Personal information
- Full name: Victor Pagliari Giro
- Date of birth: March 10, 1994 (age 32)
- Place of birth: São Paulo, Brazil
- Height: 1.72 m (5 ft 7+1⁄2 in)
- Positions: Left back; midfielder;

Youth career
- 2009–2012: Corinthians

Senior career*
- Years: Team / Apps / (Gls)
- 2013–2015: Corinthians B / 0 / (0)
- 2013–2014: → Belenenses (loan) / 0 / (0)
- 2015: → Fort Lauderdale Strikers (loan) / 3 / (1)
- 2015–2016: Fort Lauderdale Strikers / 37 / (6)
- 2016: Tampa Bay Rowdies / 14 / (1)
- 2017–2018: Orlando City / 16 / (0)
- 2017: Orlando City B / 6 / (0)
- 2019: Vancouver Whitecaps FC / 18 / (0)
- 2020–2023: San Antonio FC / 74 / (4)
- 2024: Union Omaha / 7 / (0)
- Total:  / 175 / (12)

= PC (footballer) =

Brazilian footballer

Victor Pagliari Giro (born March 10, 1994), commonly known as PC, is a Brazilian former professional footballer who played as a left back.

==Career==
===Corinthians===
PC began his career in the youth system of Brazilian club Corinthians. He made his debut for Corinthians B in 2013.

He acquired his nickname due to his resemblance to a fellow youth player named Pablo Cesar.

===Belenenses===
For the 2013–14 season he was sent on loan to Primeira Liga club Belenenses. He made his debut for the Portuguese club on September 25, 2013, in a Taça da Liga match against C.D. Santa Clara, starting the match in a 0–0 draw.

===Fort Lauderdale Strikers===
In early 2015 he was sent on loan to Fort Lauderdale Strikers. On April 11, 2015, he scored his first goal for the Fort Lauderdale Strikers against the Jacksonville Armada FC in a match they won 2–1, earning a spot on the NASL Team of the Week. On April 23, 2015, it was announced that the Strikers had signed PC outright from Corinthians on a multi-year contract.

===Tampa Bay Rowdies===
On July 24, 2016, PC was sold to the Tampa Bay Rowdies. He had one goal and one assist in 14 appearances with Tampa Bay.

===Orlando City===
On January 4, 2017, it was announced that he was signed by Major League Soccer side Orlando City. On September 24, 2017, PC was shown a red card during a match against the Portland Timbers after he elbowed Diego Chará in the face.
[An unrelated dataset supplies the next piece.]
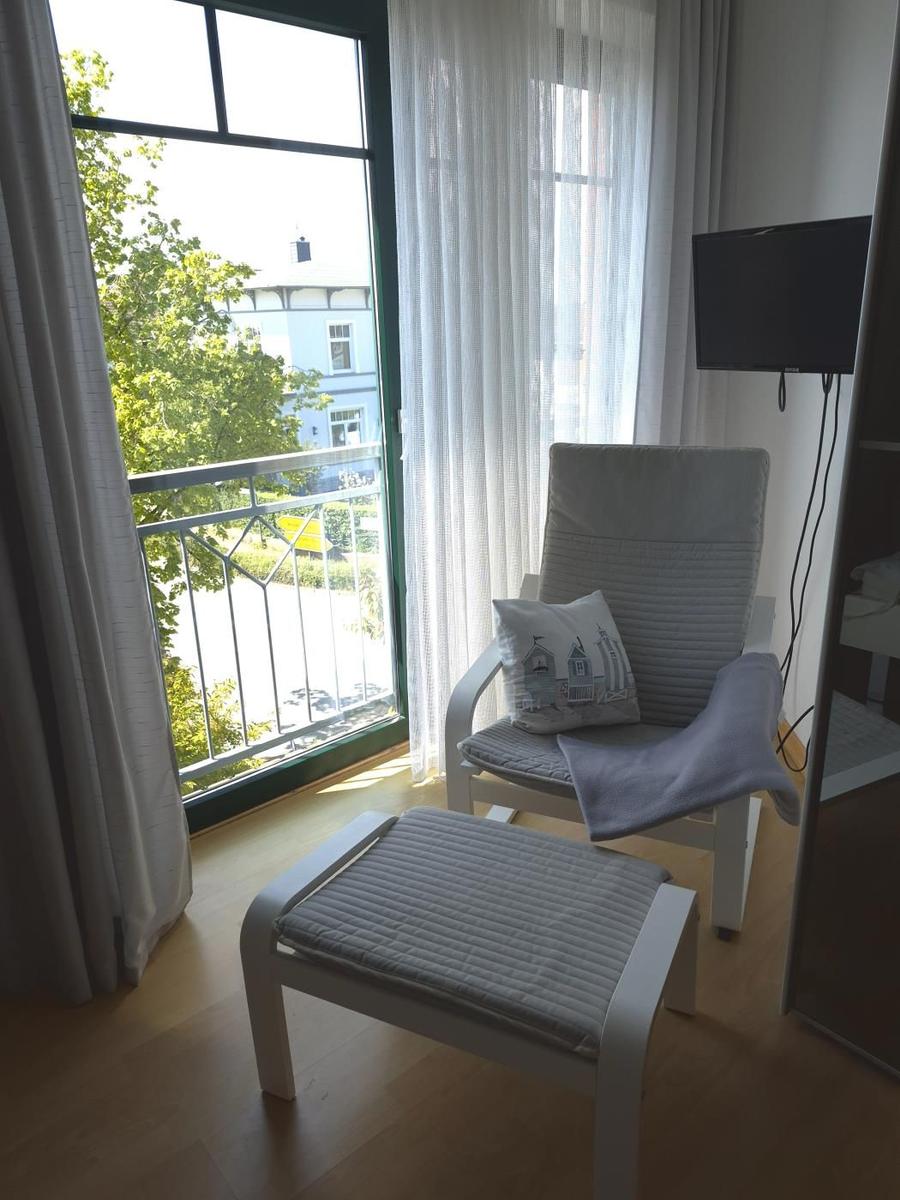 Ein Raum mit Sessel, Fußstütze und TV. Durchgehendes Fenster mit Blick auf Balkon und Grün.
PC played in eight MLS games and one further US Open Cup match registering one assist during the 2017 season.

PC scored his first goal with Orlando City on June 6, 2018, in a 2018 U.S. Open Cup match against Miami United FC. He also featured in eight MLS games in 2018. On December 9, 2018, PC was traded to the Vancouver Whitecaps FC in exchange for the Whitecaps' natural third-round pick in the 2019 MLS SuperDraft.

On 20 July 2024, PC announced his retirement from football, effective immediately.